• [Recorded data]
- Opening Delimiter -

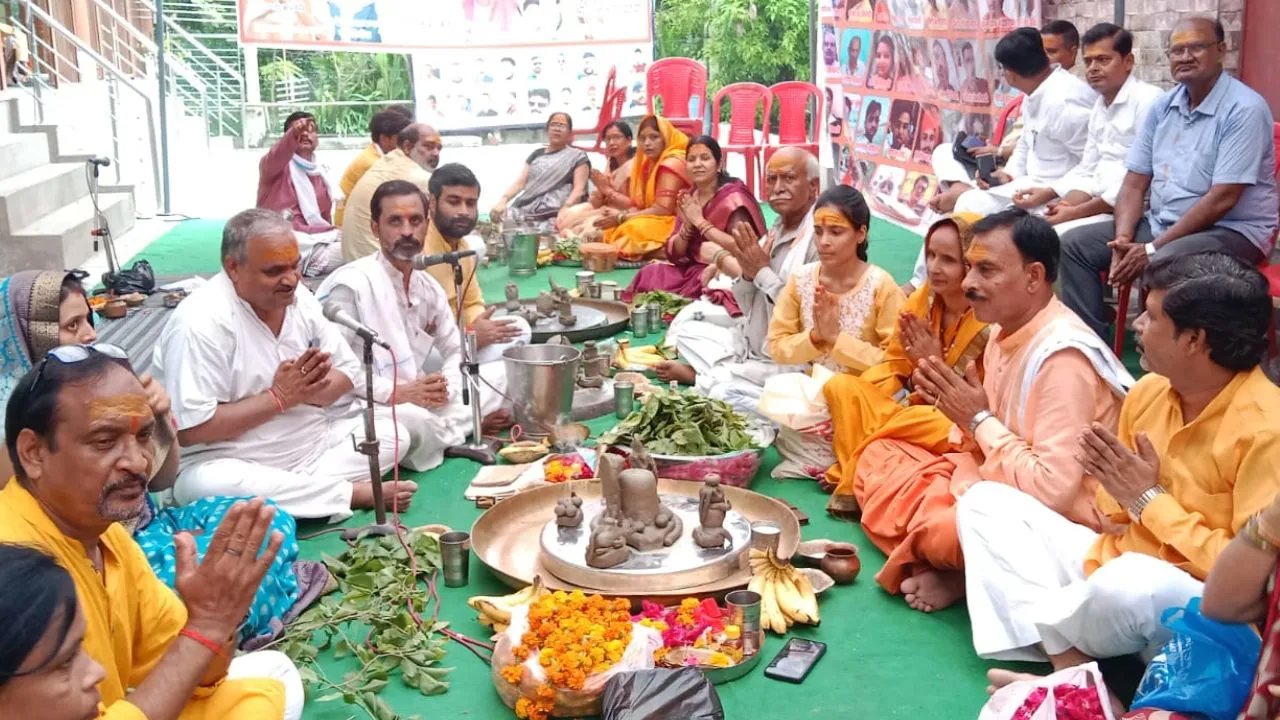 Fatehpur: सावन के चौथे सोमवार पर हर-हर महादेव के जयकारों से गूंज उठे शिवालय; मंदिरों में लगी भक्तों की भीड़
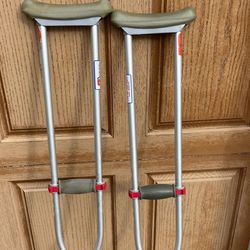Crutches 5’1-5’9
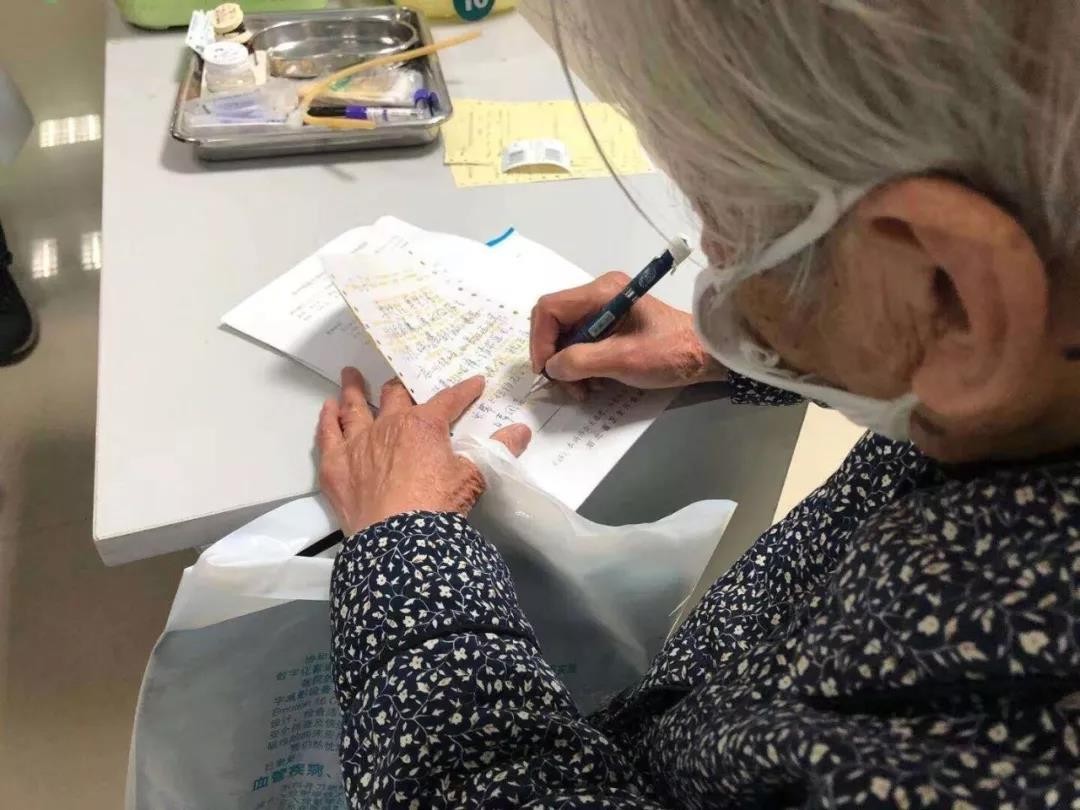 ▲▼ 64歲兒子感染，90歲老母親留下手寫信。（圖／翻攝自微博）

- Closing Delimiter -

• [Exercise directions] Copy the whole of the material above exactly, and exclude every picture.

• [Answer to this problem]
 Fatehpur: सावन के चौथे सोमवार पर हर-हर महादेव के जयकारों से गूंज उठे शिवालय; मंदिरों में लगी भक्तों की भीड़
Crutches 5’1-5’9
 ▲▼ 64歲兒子感染，90歲老母親留下手寫信。（圖／翻攝自微博）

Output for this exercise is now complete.